SUPPLIED RECORDS ->
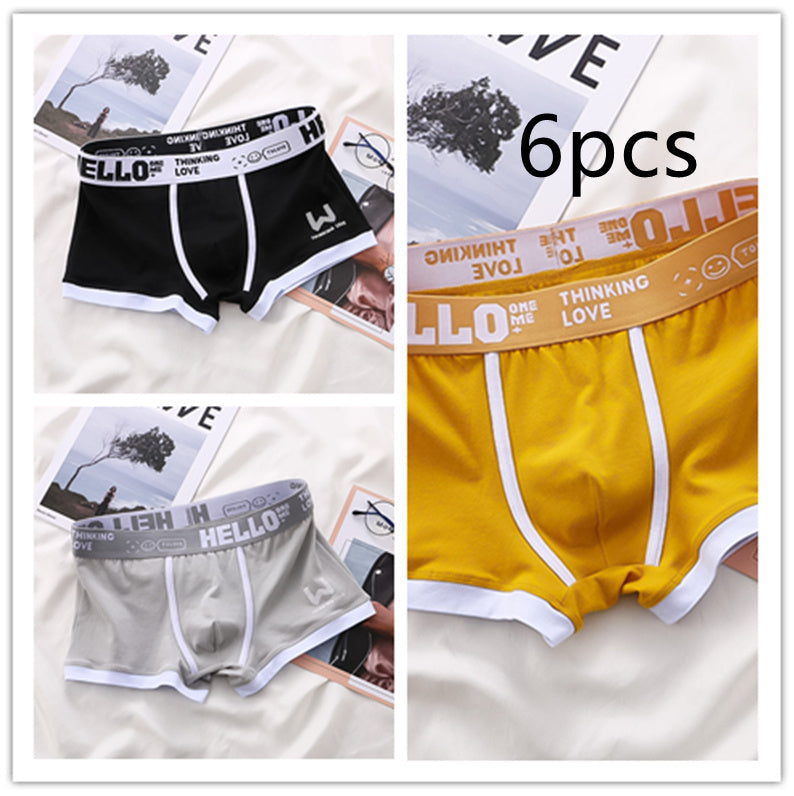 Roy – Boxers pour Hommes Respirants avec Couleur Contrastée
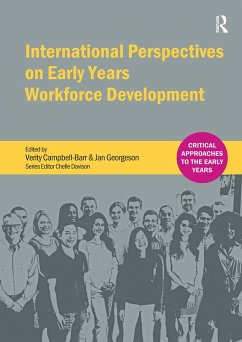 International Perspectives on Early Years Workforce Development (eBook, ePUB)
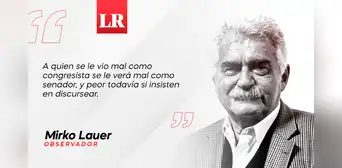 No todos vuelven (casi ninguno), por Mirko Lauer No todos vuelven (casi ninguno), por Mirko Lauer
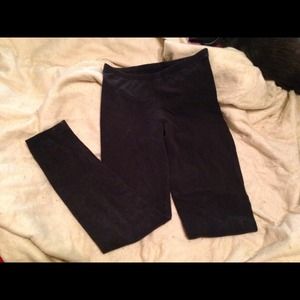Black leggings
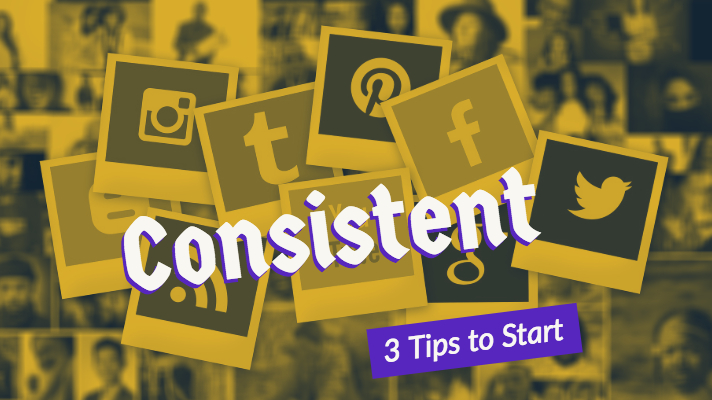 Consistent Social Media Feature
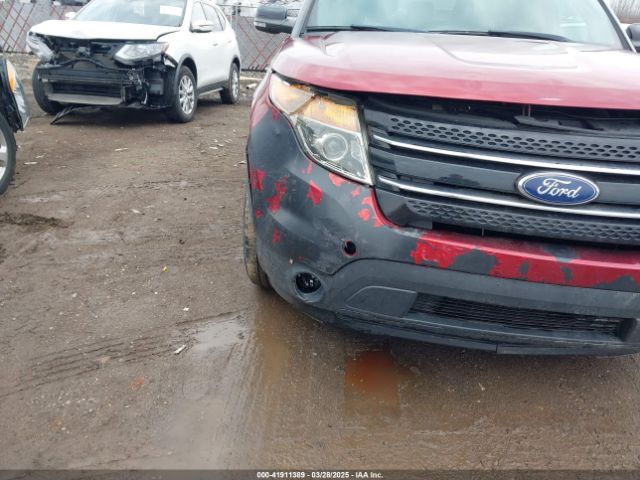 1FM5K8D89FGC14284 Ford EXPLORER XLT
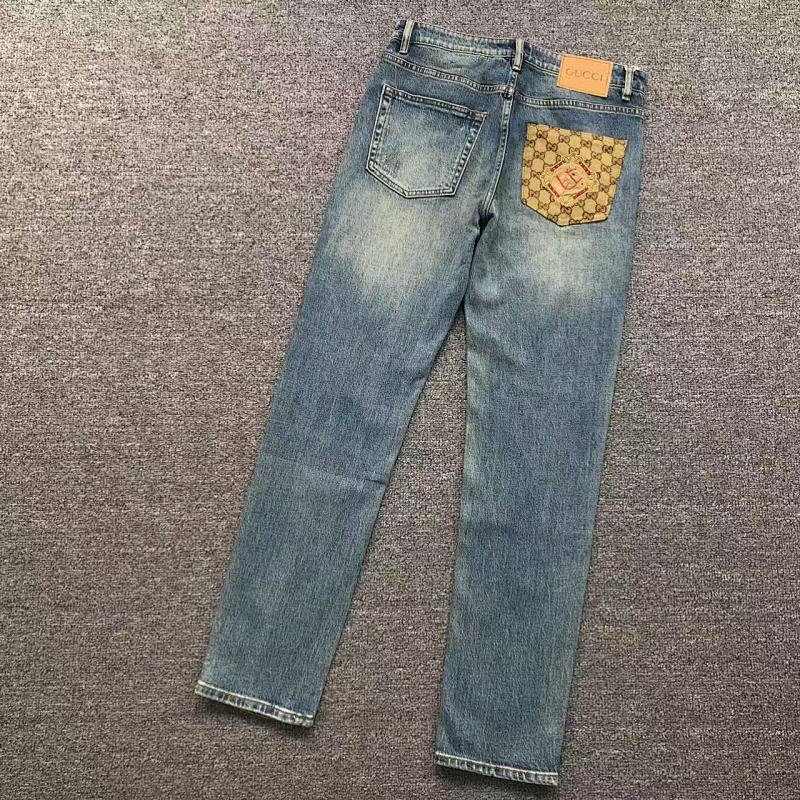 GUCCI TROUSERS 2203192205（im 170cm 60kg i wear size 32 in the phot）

==

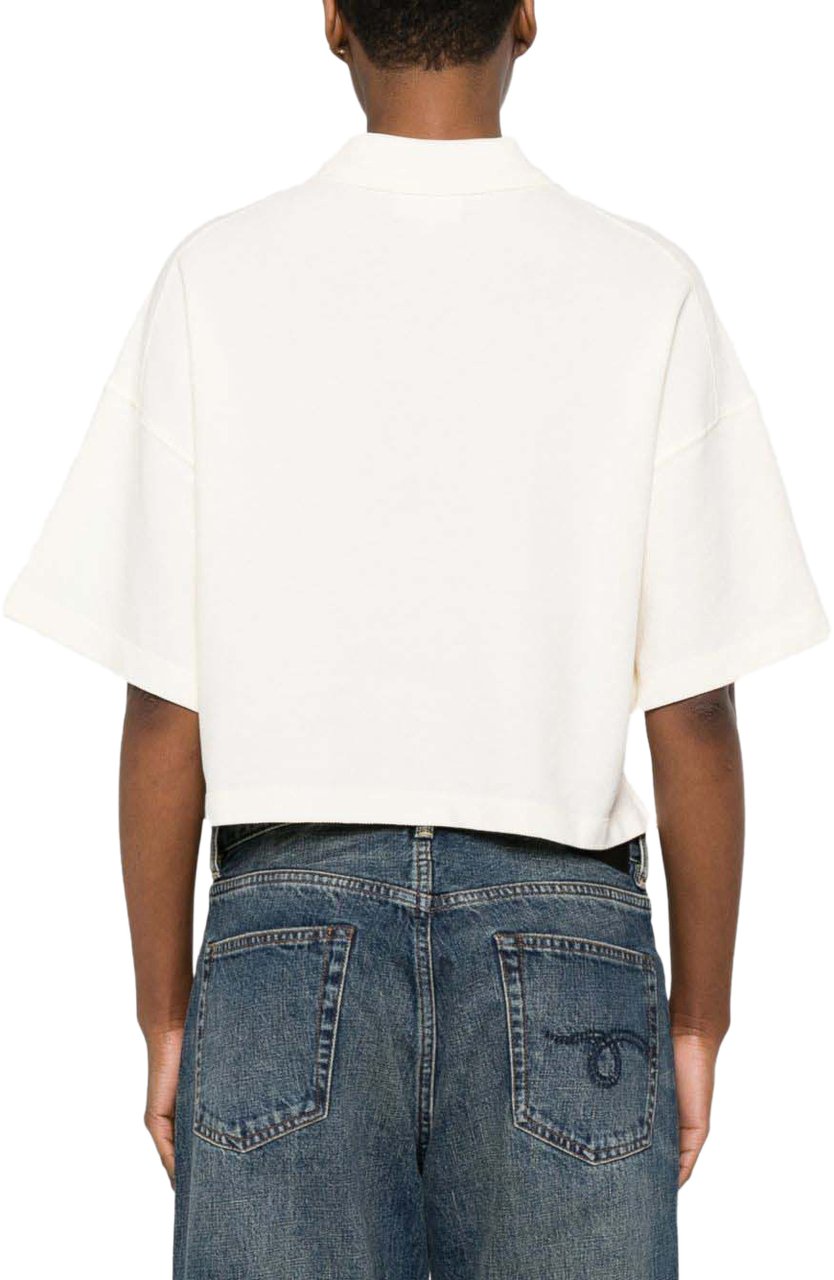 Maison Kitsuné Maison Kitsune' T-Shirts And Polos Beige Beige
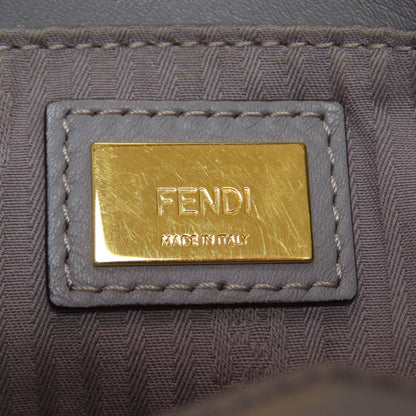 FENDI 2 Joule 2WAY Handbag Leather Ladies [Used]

ACTIVITY -> The lines to set down run from the line with "Consistent Social Media Feature" up to and including the line with "GUCCI TROUSERS 2203192205（im" in the entries above. Reproduce them exactly, with no pictures.

THE ANSWER ->
 Consistent Social Media Feature
 1FM5K8D89FGC14284 Ford EXPLORER XLT
 GUCCI TROUSERS 2203192205（im 170cm 60kg i wear size 32 in the phot）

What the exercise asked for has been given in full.